(Entries taken from a collection)
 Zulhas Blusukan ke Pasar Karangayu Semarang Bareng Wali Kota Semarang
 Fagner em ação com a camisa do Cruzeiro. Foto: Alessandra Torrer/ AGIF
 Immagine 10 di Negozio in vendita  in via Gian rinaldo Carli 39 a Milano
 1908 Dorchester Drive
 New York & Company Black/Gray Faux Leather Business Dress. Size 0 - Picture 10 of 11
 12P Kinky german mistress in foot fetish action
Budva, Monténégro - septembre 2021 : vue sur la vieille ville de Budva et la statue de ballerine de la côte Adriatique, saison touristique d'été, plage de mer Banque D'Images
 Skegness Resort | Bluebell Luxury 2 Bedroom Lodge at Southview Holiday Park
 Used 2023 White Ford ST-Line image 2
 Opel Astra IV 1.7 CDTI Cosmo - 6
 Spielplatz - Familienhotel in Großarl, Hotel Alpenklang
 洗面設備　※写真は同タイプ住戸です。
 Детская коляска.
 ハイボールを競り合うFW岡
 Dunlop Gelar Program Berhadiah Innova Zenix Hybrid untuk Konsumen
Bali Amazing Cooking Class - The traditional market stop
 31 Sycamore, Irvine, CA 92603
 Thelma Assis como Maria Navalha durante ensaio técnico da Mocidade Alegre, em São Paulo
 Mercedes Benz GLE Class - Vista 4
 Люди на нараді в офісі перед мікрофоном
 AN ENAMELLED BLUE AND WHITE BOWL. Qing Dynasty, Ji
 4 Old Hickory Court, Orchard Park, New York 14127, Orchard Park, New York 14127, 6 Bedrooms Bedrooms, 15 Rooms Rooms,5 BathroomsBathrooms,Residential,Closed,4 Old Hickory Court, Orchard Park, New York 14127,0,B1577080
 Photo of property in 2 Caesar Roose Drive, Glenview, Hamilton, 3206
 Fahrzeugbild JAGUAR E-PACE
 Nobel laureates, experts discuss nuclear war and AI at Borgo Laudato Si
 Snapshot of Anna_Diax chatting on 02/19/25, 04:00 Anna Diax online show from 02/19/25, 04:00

TASK DETAILS
Restate every entry word for word.

RESULT BELOW
 Zulhas Blusukan ke Pasar Karangayu Semarang Bareng Wali Kota Semarang
 Fagner em ação com a camisa do Cruzeiro. Foto: Alessandra Torrer/ AGIF
 Immagine 10 di Negozio in vendita  in via Gian rinaldo Carli 39 a Milano
 1908 Dorchester Drive
 New York & Company Black/Gray Faux Leather Business Dress. Size 0 - Picture 10 of 11
 12P Kinky german mistress in foot fetish action
Budva, Monténégro - septembre 2021 : vue sur la vieille ville de Budva et la statue de ballerine de la côte Adriatique, saison touristique d'été, plage de mer Banque D'Images
 Skegness Resort | Bluebell Luxury 2 Bedroom Lodge at Southview Holiday Park
 Used 2023 White Ford ST-Line image 2
 Opel Astra IV 1.7 CDTI Cosmo - 6
 Spielplatz - Familienhotel in Großarl, Hotel Alpenklang
 洗面設備　※写真は同タイプ住戸です。
 Детская коляска.
 ハイボールを競り合うFW岡
 Dunlop Gelar Program Berhadiah Innova Zenix Hybrid untuk Konsumen
Bali Amazing Cooking Class - The traditional market stop
 31 Sycamore, Irvine, CA 92603
 Thelma Assis como Maria Navalha durante ensaio técnico da Mocidade Alegre, em São Paulo
 Mercedes Benz GLE Class - Vista 4
 Люди на нараді в офісі перед мікрофоном
 AN ENAMELLED BLUE AND WHITE BOWL. Qing Dynasty, Ji
 4 Old Hickory Court, Orchard Park, New York 14127, Orchard Park, New York 14127, 6 Bedrooms Bedrooms, 15 Rooms Rooms,5 BathroomsBathrooms,Residential,Closed,4 Old Hickory Court, Orchard Park, New York 14127,0,B1577080
 Photo of property in 2 Caesar Roose Drive, Glenview, Hamilton, 3206
 Fahrzeugbild JAGUAR E-PACE
 Nobel laureates, experts discuss nuclear war and AI at Borgo Laudato Si
 Snapshot of Anna_Diax chatting on 02/19/25, 04:00 Anna Diax online show from 02/19/25, 04:00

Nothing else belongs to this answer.